→ Exercise directions: Could you restate word for word only the lines below from the one holding "Une terrasse extérieure" to the one holding "Botas de neve com isolamento cinza...", inclusive, and leave out the pictures?

→ Supplied data:
+++
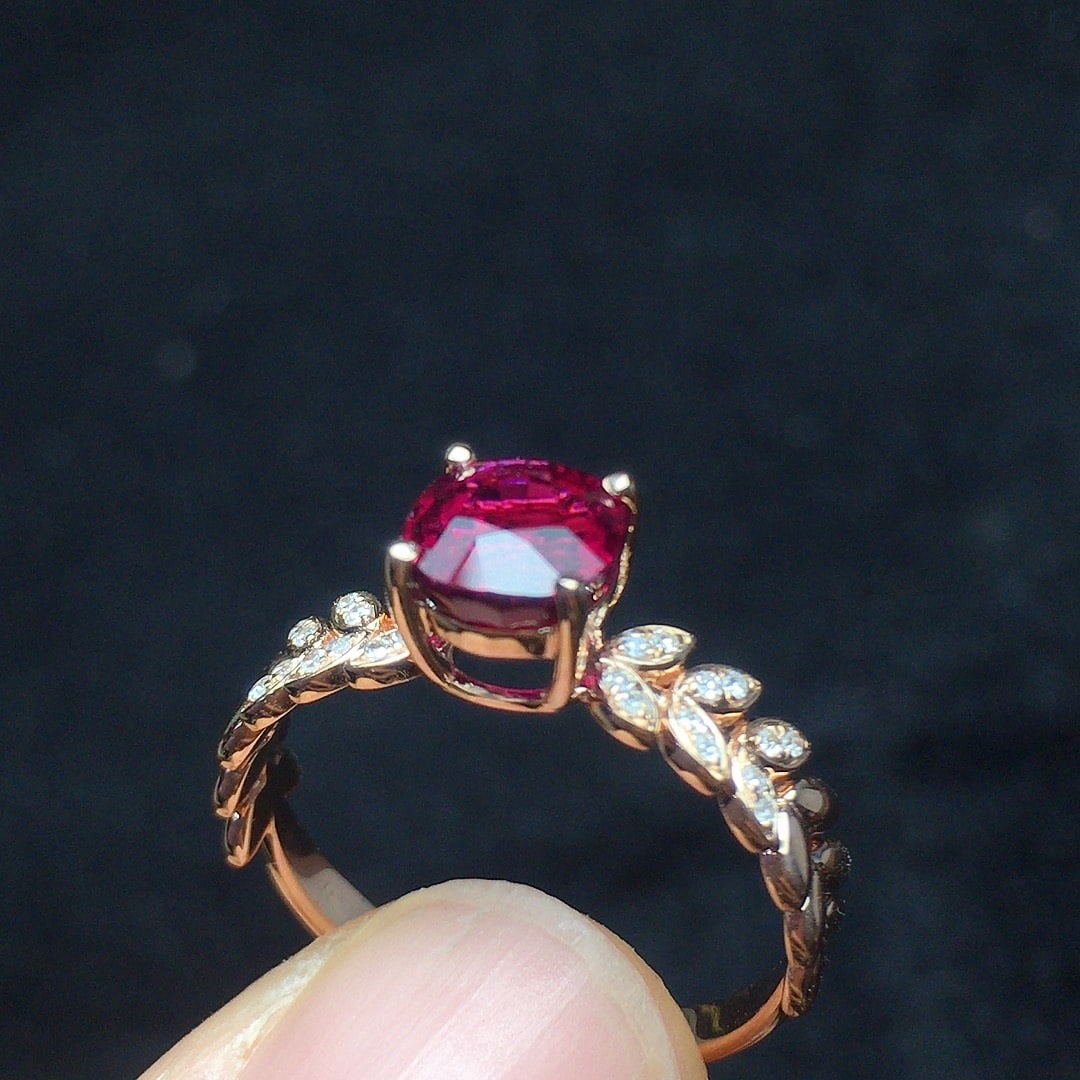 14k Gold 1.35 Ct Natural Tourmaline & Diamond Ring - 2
+++
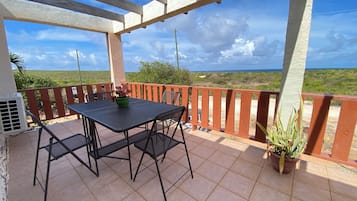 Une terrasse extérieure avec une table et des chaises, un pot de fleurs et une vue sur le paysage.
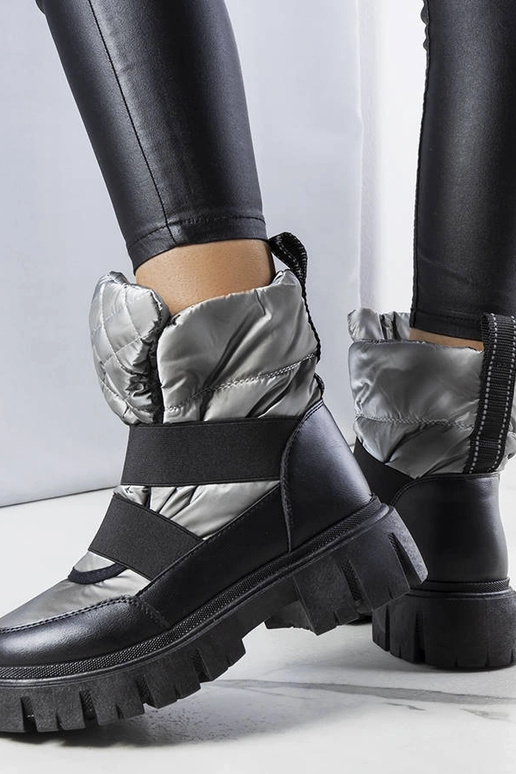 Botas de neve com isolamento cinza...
+++
→ Response area:
 Une terrasse extérieure avec une table et des chaises, un pot de fleurs et une vue sur le paysage.
 Botas de neve com isolamento cinza...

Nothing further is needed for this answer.